GG was a punk singer who prided himself on being the most vile individual he could possibly be, taking the punk aesthetic to the extreme. While he never found mainstream success like other "shock rockers", he gained a cult following in punk circles. He lived hard and died young, just like he wanted.
In high school, I dabbled in punk a bit, and had a friend in a punk band. The guitarist in his band sometimes also played in GG's band the Scumfu*ks. Through this connection I heard all the legends about GG Allin.
"I heard GG passed around a bucket to the audience and they all spit in it and they drank it"
"I heard GG got naked and took a dump on stage"
"I heard GG was going to kill himself on stage"
Two out of three of these things actually occured."
To me GG's music was terrible. I wasn't that hardcore where I could "get" what he was trying to do. But you had to respect the fact that he put himself out there as a certain kind of person, and he lived that way to his fullest.
In the end , GG died of a drug overdose in 1993 in private, not on stage.
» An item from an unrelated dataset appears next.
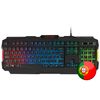 Mars Gaming Mrk0portu, Teclado Gaming, Iluminación Rgb, Antighosting, Idioma Portugués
He was 36.
This is the second GG Allin bobblehead, the first depicting him nearly naked as he appeared on stage in 1991.
In this iteration, GG had much more clothing on, but still looked like crap.
The box has nice art reminiscent of the punk rock flyers of the early 80s.
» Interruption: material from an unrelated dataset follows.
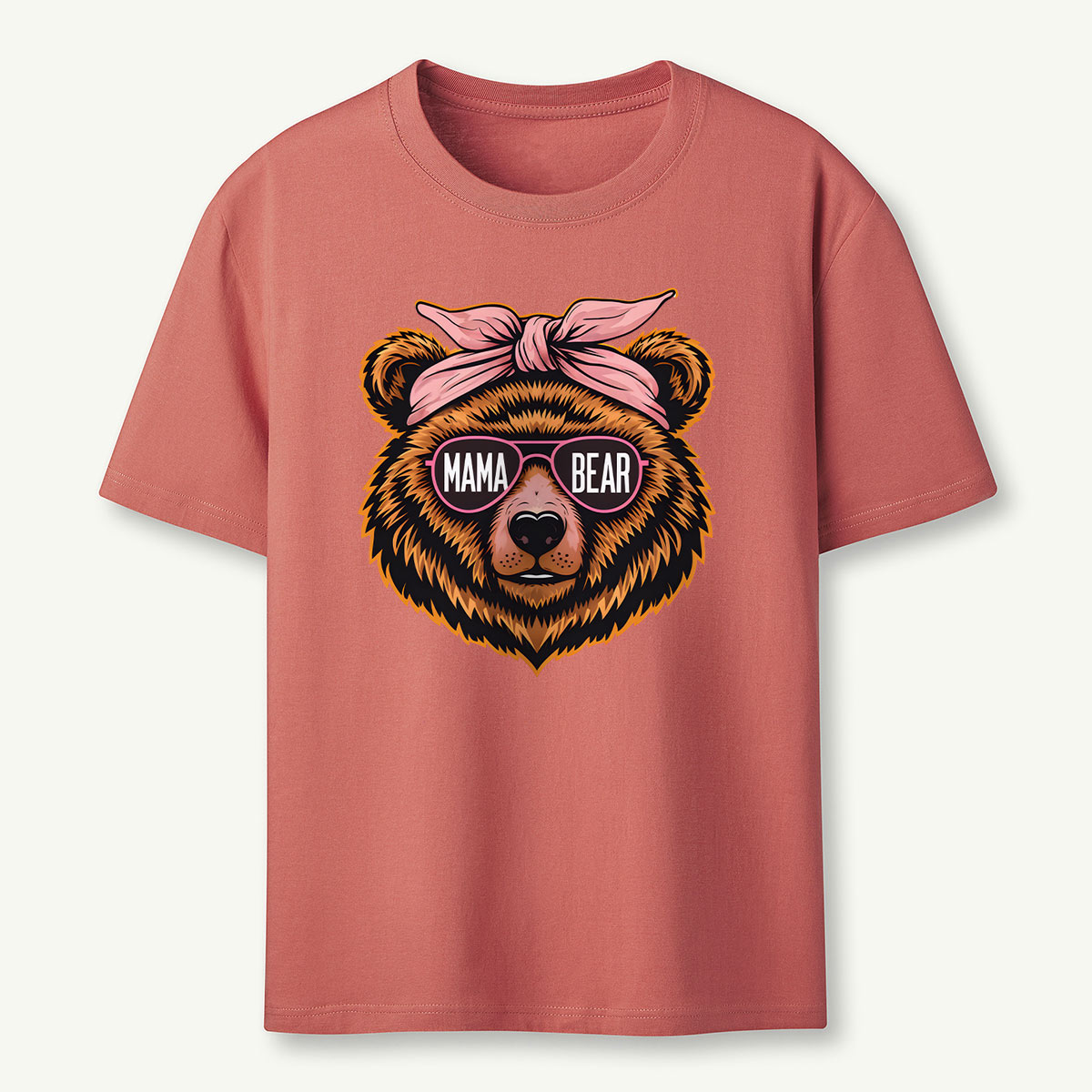 Pink Bandana Mama Bear T-Shirt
The figure is pretty rough looking, as most of the Aggronautix are. Punk rock bobbleheads deserve a punk rock aesthetic.
GG is depicted holding a big bottle of alcohol, probably supposed to be Jim Beam. Also note the urine and feces on the base.
The bottom has a marker denoting the edition number, for all you aging punks. For you, this is your generations Hummel collection. Think about that for a minute.
Would GG have approved of this? Probably not. But when is punk ever conventional?
Comments1 comment posted
I have mixed feelings about GG. Some of his earlier stuff with the Jabbers is good, old fashioned fun punk rock. But later stuff is garbage. Some stuff he recorded was straight up uncredited ripoffs of other things (including an obscure Mad Magazine single!), too. His antics could be amusing and I can appreciate his authenticity. The dude really lived the way he presented himself, by all accounts. That said, I sincerely hope some of his songs do NOT reflect his true nature. He wrote about some pretty heinous things at times that I hope was done purely for shock value. Ultimately, I feel like he was little more than a spectacle, but one that was kind of entertaining at times, if you were smart enough not to take him seriously. Although I can see the appeal of being such a "free spirit", I worry about people who look at him like some kind of hero. The documentary "Hated: GG Allin and the Murder Junkies" by Todd Phillips is pretty entertaining and illuminating, if you haven't seen it.